### REQUIREMENT
Each line below from the "Sundays aren't just" line through the "Polo Golf Ralph" line, those two included, must be restated word for word; the pictures must not be.

··· SOURCE MATERIAL

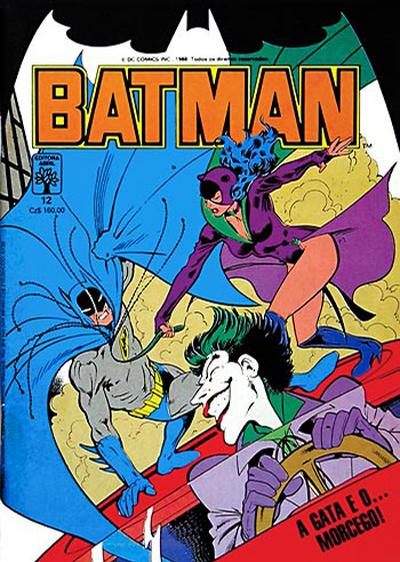 Cover for Batman (Editora Abril, 1987 series) #12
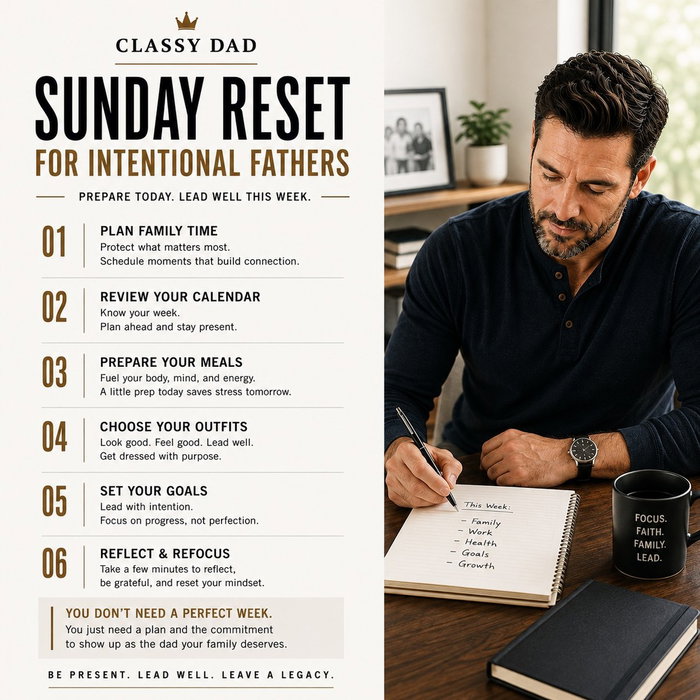 Sundays aren't just for rest. They're for preparing to become the husband, father, and leader your family needs this…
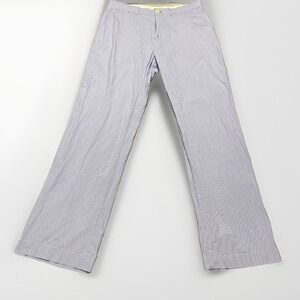 Polo Golf Ralph Lauren Pants Mens 34x32 Blue Mini‎ Check Preppy Chino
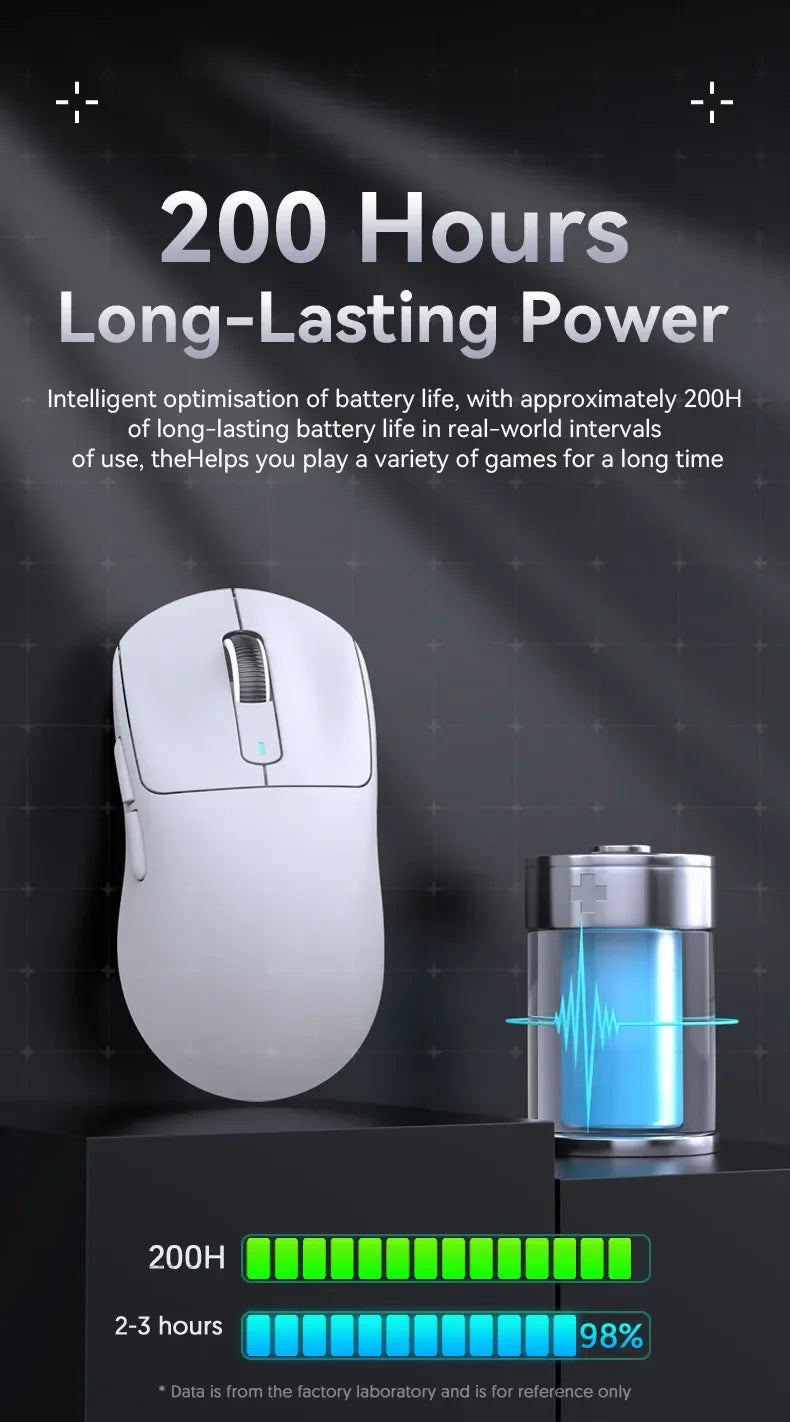 ATTACK SHARK X3 Ultra-Light Wireless Mouse - Tri-Mode 2.4G/BT/Wired, PAW3395 26000DPI, 55g, Macro, for Gaming/Xbox/PS/PC/Mac - RED- موس قيمنق أصدار خاص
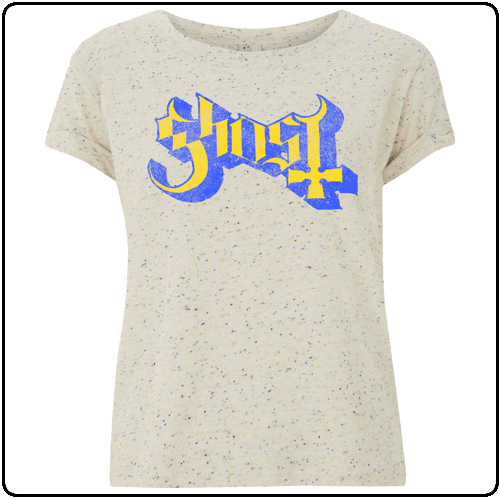 Ghost - Vintage Logo (Cream) (Girls)
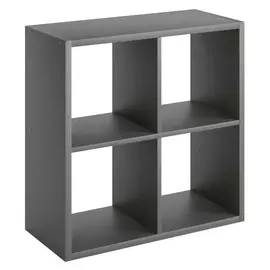 стеллаж 4 полки МИКСИТ 701х315х700мм графит ЛДСП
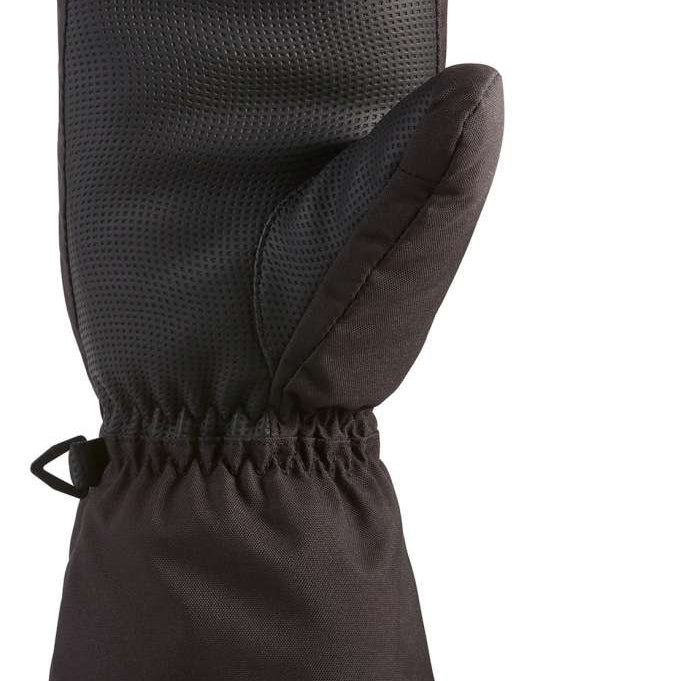 Dakine Junior's Yukon Mittens - A pair of black mittens with a textured palm and thumb, featuring a small logo on the cuff.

······

### YOUR RESPONSE
 Sundays aren't just for rest. They're for preparing to become the husband, father, and leader your family needs this…
 Polo Golf Ralph Lauren Pants Mens 34x32 Blue Mini‎ Check Preppy Chino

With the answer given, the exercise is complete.